EXERCISE —
The pictures get dropped, while every remaining part of the listing is copied exactly.

AVAILABLE DATA —
____________

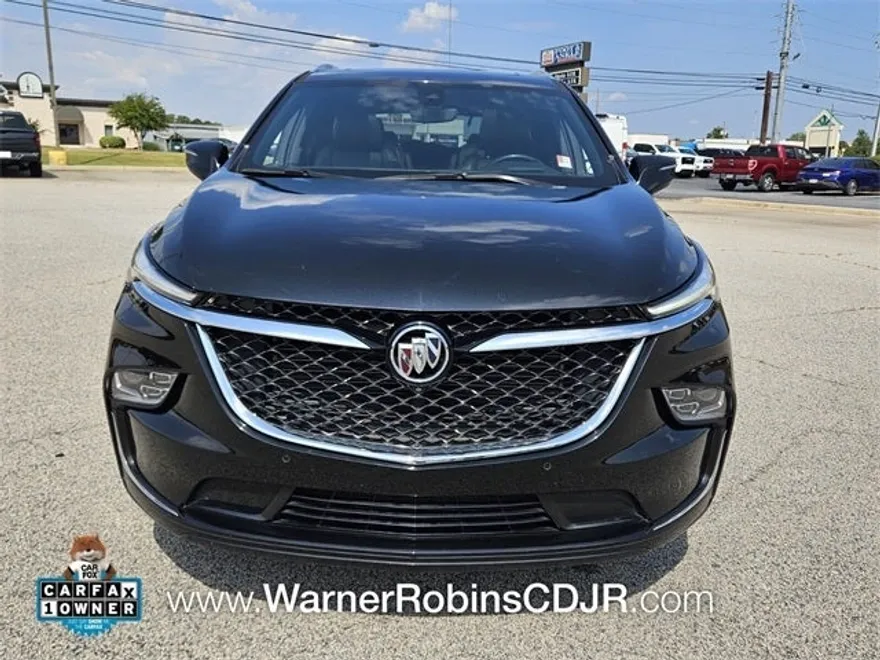 2022 Buick Enclave Avenir photo 1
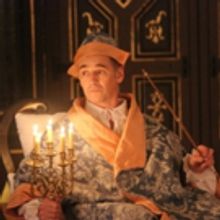 FARINELLI AND THE KING, Starring Mark Rylance, Eyes Broadway, Big Screen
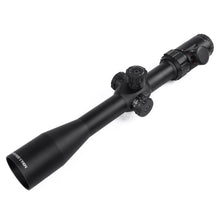 Load image into Gallery viewer, MK 6.5-20x42 SAL Rifle Scope, Glass Etched Red/Green Illuminated Reticle with Heavy Duty Scope Rings and Lens Covers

____________

ANSWER SECTION —
 2022 Buick Enclave Avenir photo 1
 FARINELLI AND THE KING, Starring Mark Rylance, Eyes Broadway, Big Screen
 Load image into Gallery viewer, MK 6.5-20x42 SAL Rifle Scope, Glass Etched Red/Green Illuminated Reticle with Heavy Duty Scope Rings and Lens Covers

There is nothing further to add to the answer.